I don't know what your programming experience is but your expectations of efficiency are contrary to the basic programming principle: that a program should use only as much memory as it actually needs for completing the task and that memory usage should be optimized.

Occupying as much RAM as possible just because there is free RAM is meaningless. You seem to assume that just because RAM is faster than HDD we should fill up every single bit of it. That is just as incorrect as saying that you must always use all CPU registers even if a simple assembler operation (like MOV AX,BX) requires only 2 registers. Of course it is much faster to use CPU registers than RAM but efficiency in programming is the art of optimizing resource usage, not of wasting resources.

Further: RAM's speed is not infinite and RAM access is sequential. If a program has to manipulate huge memory blocks that will surely be slower.
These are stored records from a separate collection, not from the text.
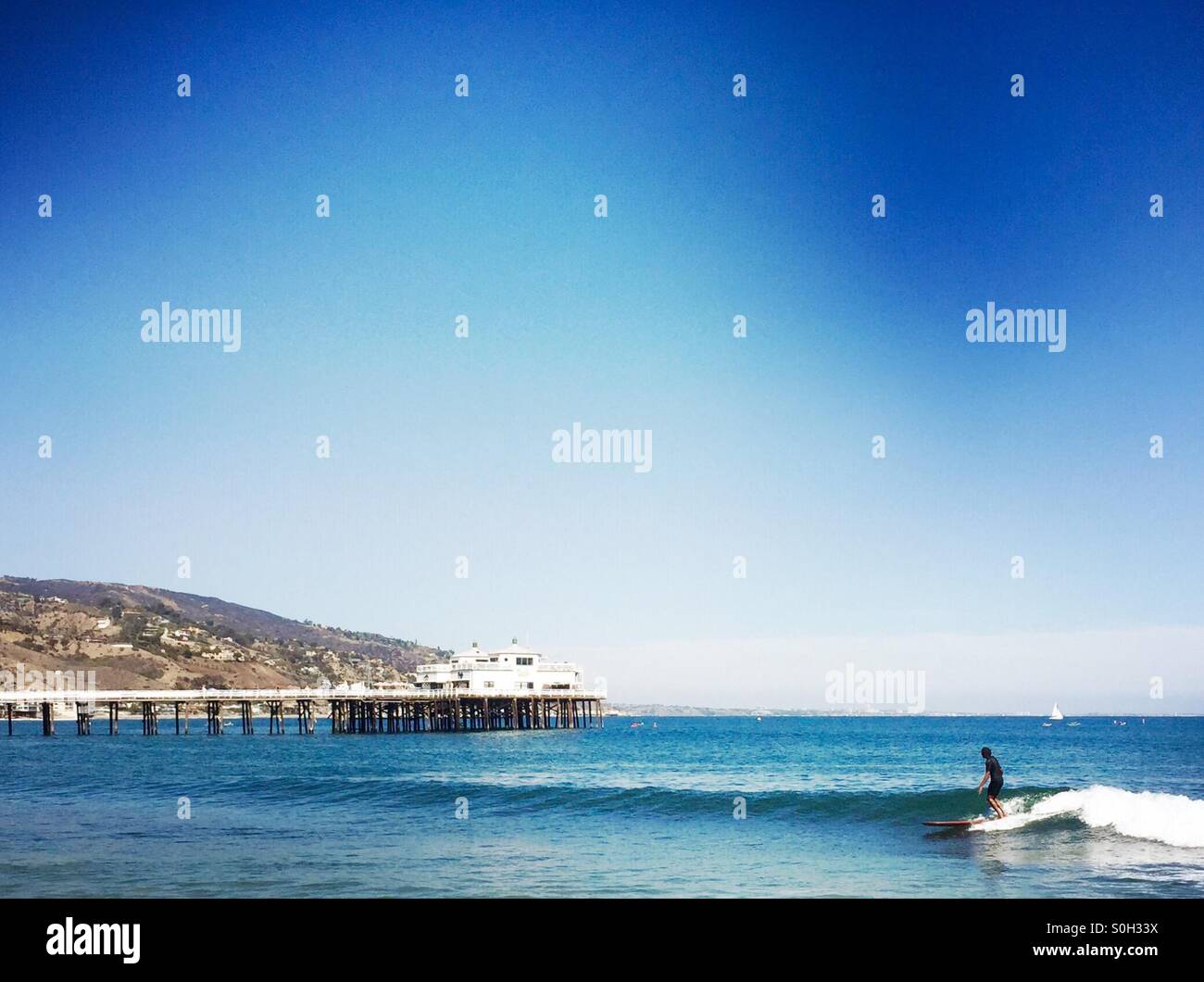 A surfer rides a wave at surfrider beach malibu, California USA. Stock Photo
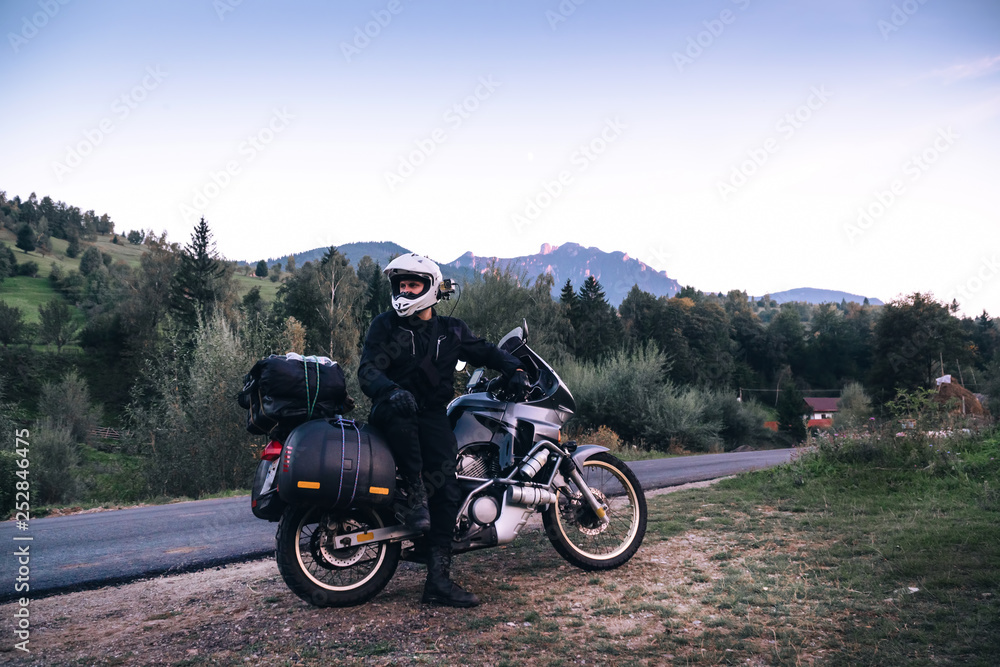 Rider Man and off tourism adventure motorcycles with side bags and equipment for long road trip, travel touring concept, Ceahlau, Romania, mountains on background, sunset evening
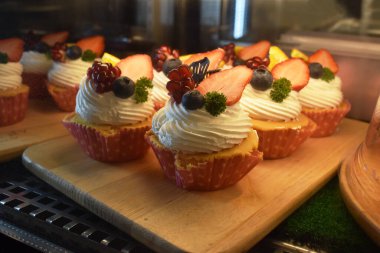 Ahşap arka planda çilekli ve ahudududulu kekler.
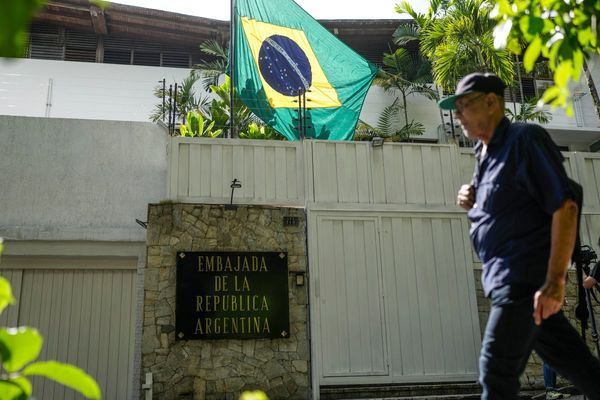 Sheltered Venezuelan government opponents decry police and intelligence agents outside embassy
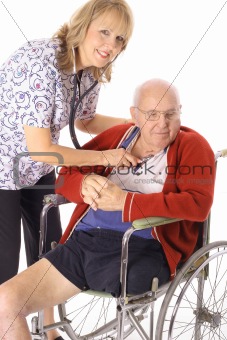 shot of a beautiful nurse checking elderly patient
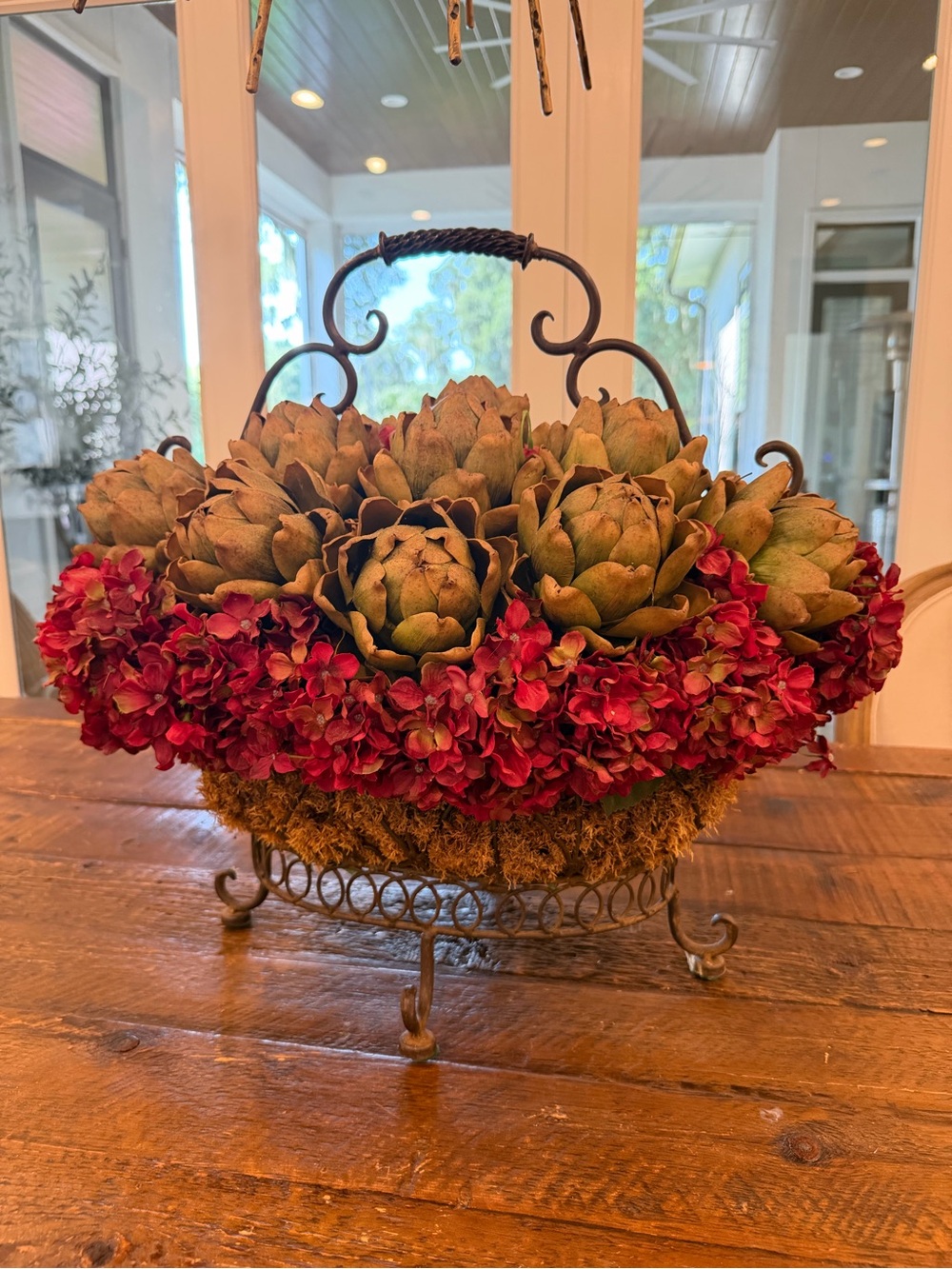 Rustic Iron Basket Centerpiece with Green Artichoke and Red Hydrangea Accents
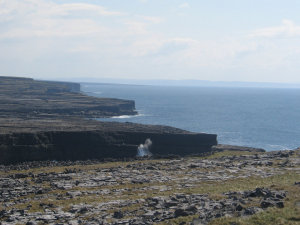 Waves, cliffs, at Dun Aengus.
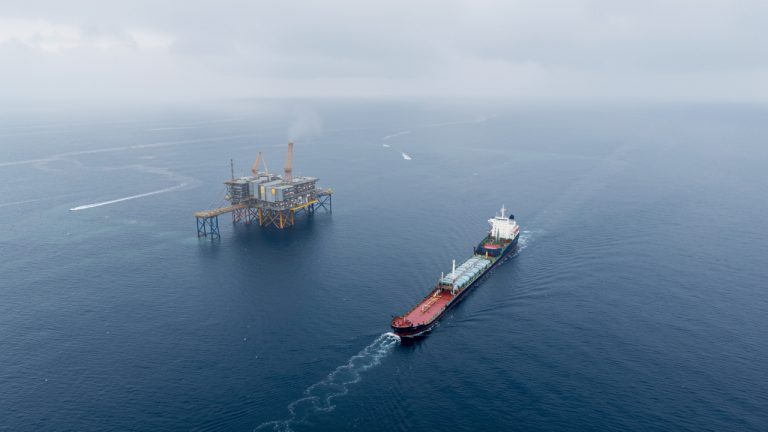 Vue aérienne réaliste de la mer du Nord au large du Danemark, avec une plateforme offshore et un navire transportant du CO2 liquéfié sous une lumière froide.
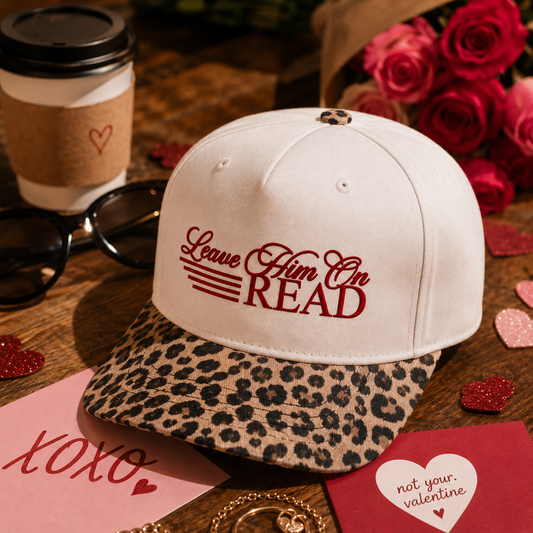 An off-white snapback cap with a leopard-print brim and red embroidered text reading 'Leave Him On READ,' styled on a wooden table with a coffee cup, sunglasses, red roses, and Valentine-themed cards.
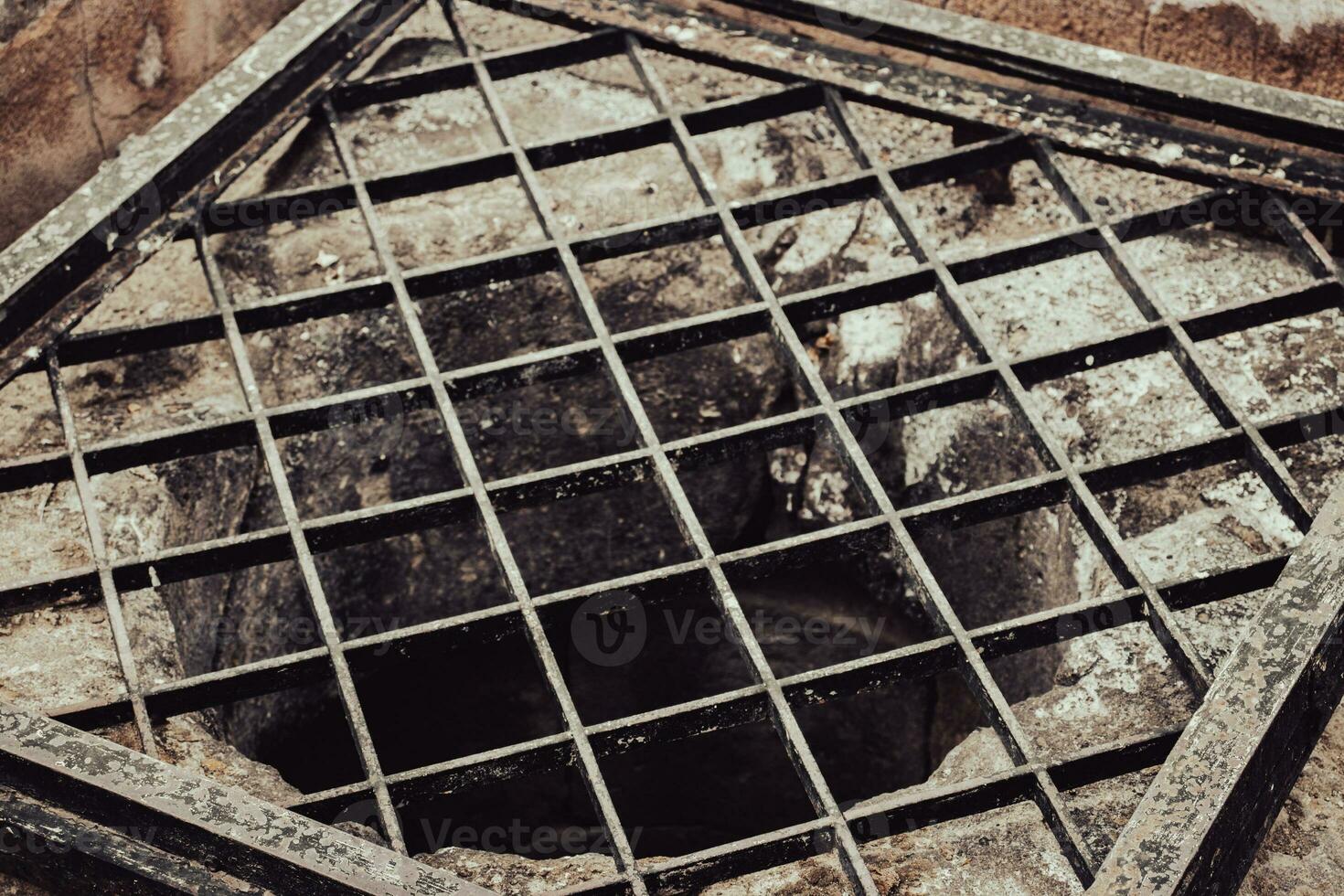 Close up old water well with iron grille close up photo. Street scene. High quality picture for wallpaper, travel blog, magazine, article photo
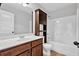 Bathroom featuring a single sink vanity with wood cabinets and a shower and tub combination at 4238 Sir Dixon Dr, Fairburn, GA 30213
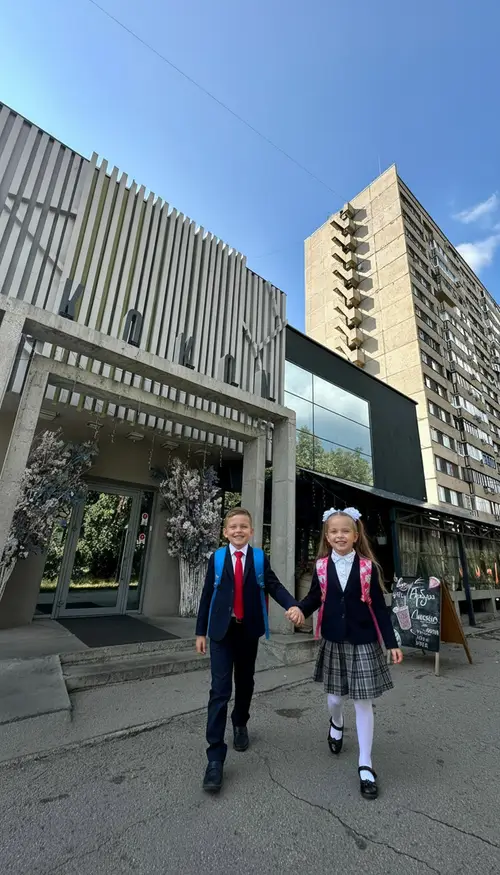 Cheerful First-Graders Headed to School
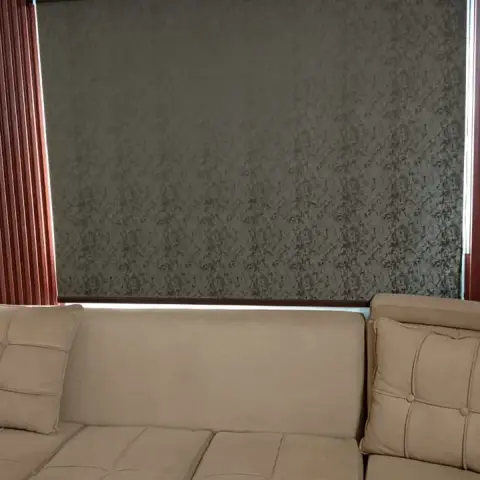 Tight crop of a beige tufted sectional sofa against a window with a roller blind and fluted maroon wall panelling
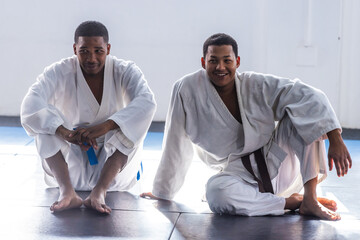 African american training partners sitting on mats in martial arts gym in white gis and belts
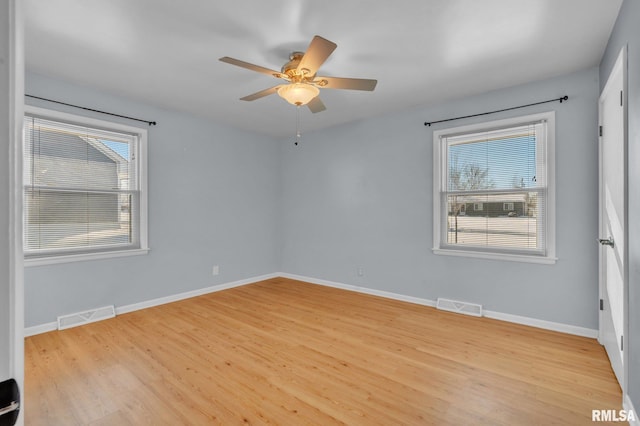 206 E 13th St, Tipton, IA 52772 - unfurnished room with healthy amount of natural light, light wood-style floors, and a ceiling fan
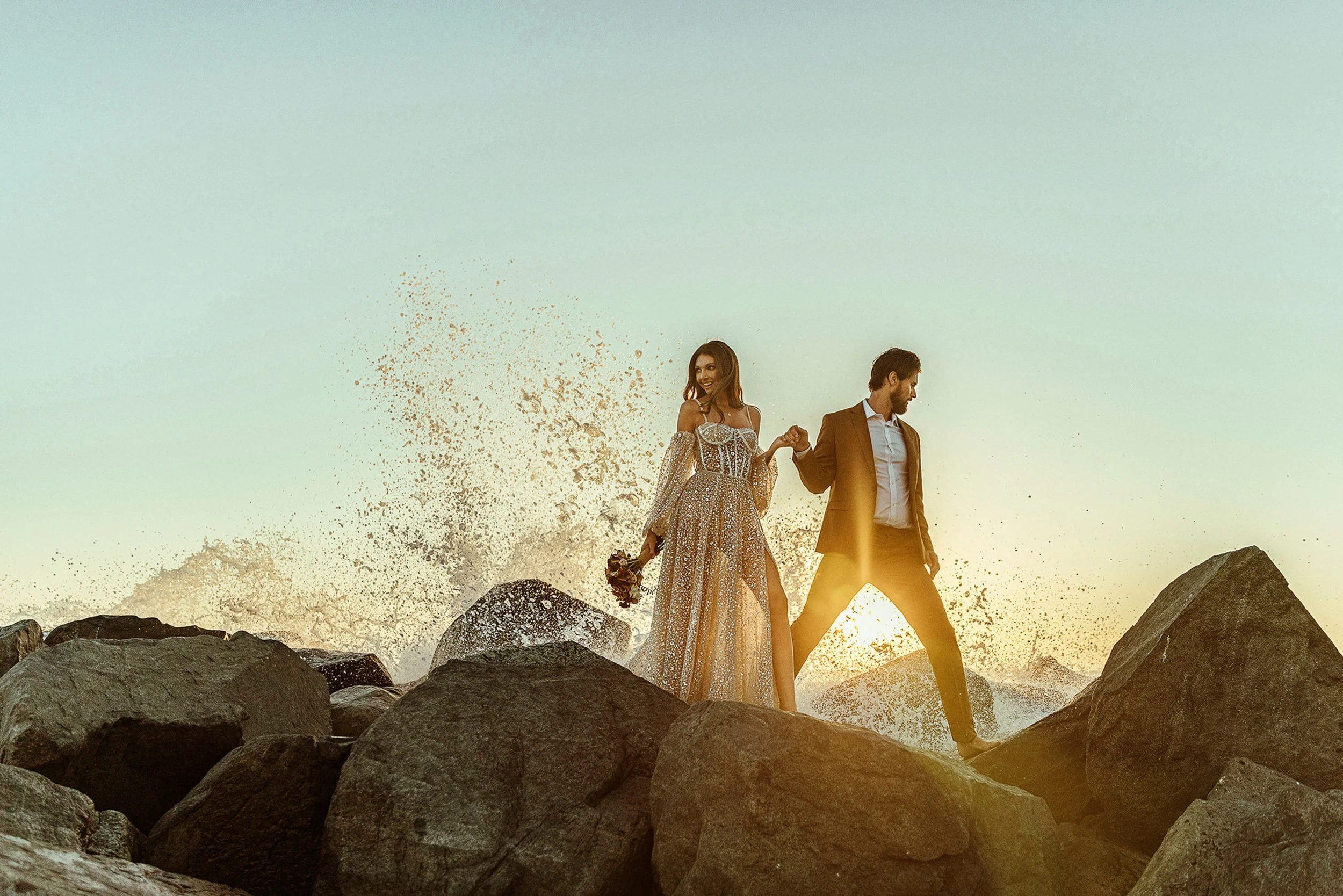 A couple holding hands walking on rocks by the water at sunset, with splashing waves and a clear sky.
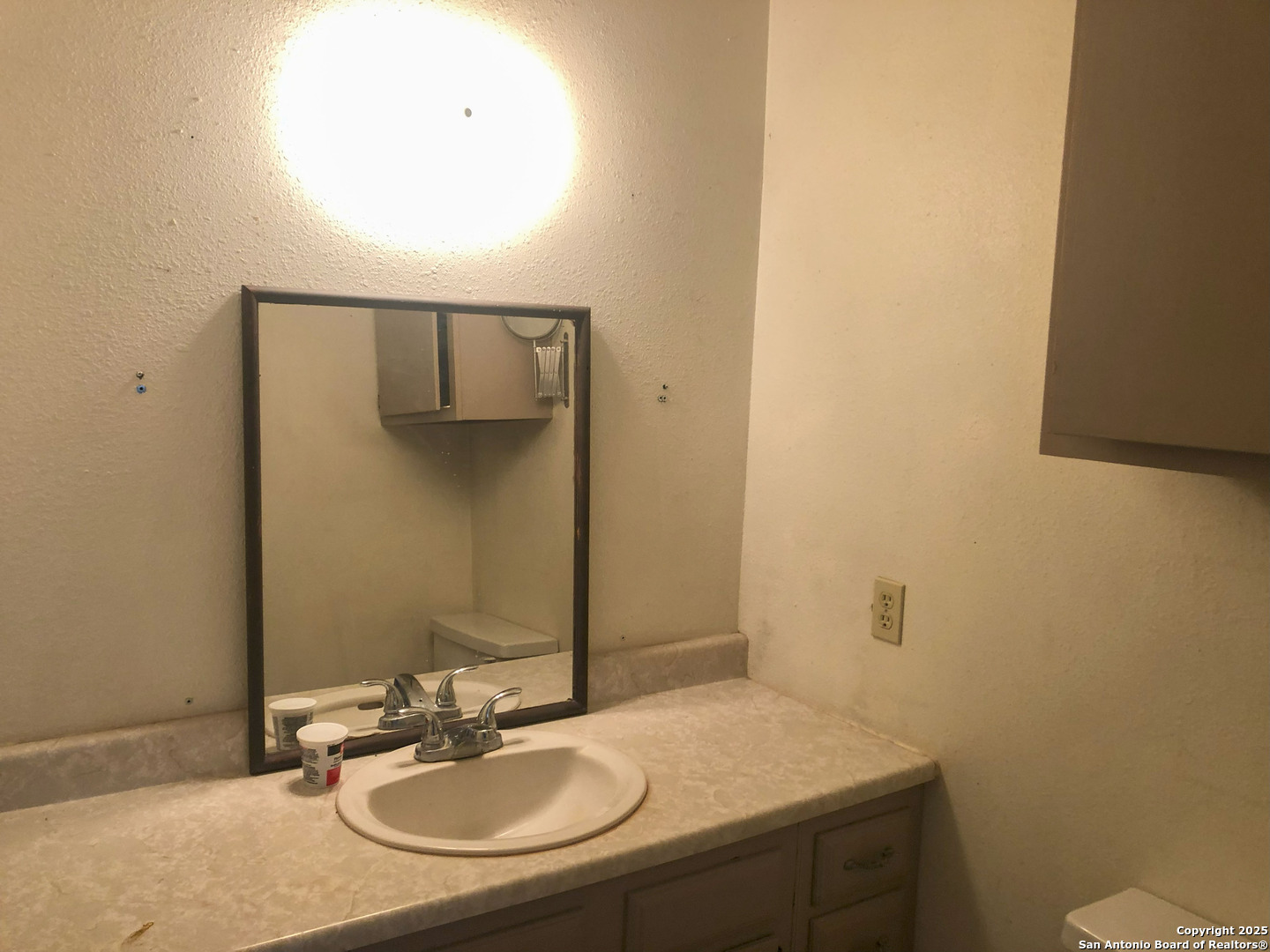 10446 5th Street Pettus, TX 78146 - Photo 8 of 16 a bathroom with a sink and a mirror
The Linux kernel can be tuned to work in direction of keeping more memory free (swapping more aggressively) or to keep cache in RAM for longer.

https://www.suse.com/documentation/opensuse114/book_tuning/data/cha_tuning_memory_vm.html

Obviously on a system with less RAM (e.g. 2GB) you would want to have more free memory at all times for the reasons I explained earlier. On a system with more memory (e.g. 16GB) you can keep more data cached in RAM but that doesn't mean that programs should simply occupy lots or all because there is plenty of it and/or because RAM is faster than HDD.

> RAM doesn't "fragment" in any meaningful way. It's random-access.

RAM does fragment. Being random access has nothing to do with fragmentation. It is more time consuming to manage scattered memory blocks and thousand of pointers than reading a whole block at once. Each reading and writing to memory takes CPU cycles, so the less memory you use, the faster your program will be. So it is not that your whole 16GB of RAM are available at a single CPU cycle. Computers are discrete systems and although some resources can be paralleled, each discrete system works sequentially and the frequency matters (that's why there are people who do overclocking etc).

So back to what lightweight means: Usually that implies low resource usage, not exhausting every single bit of the system (which creates a heavy weight for the system).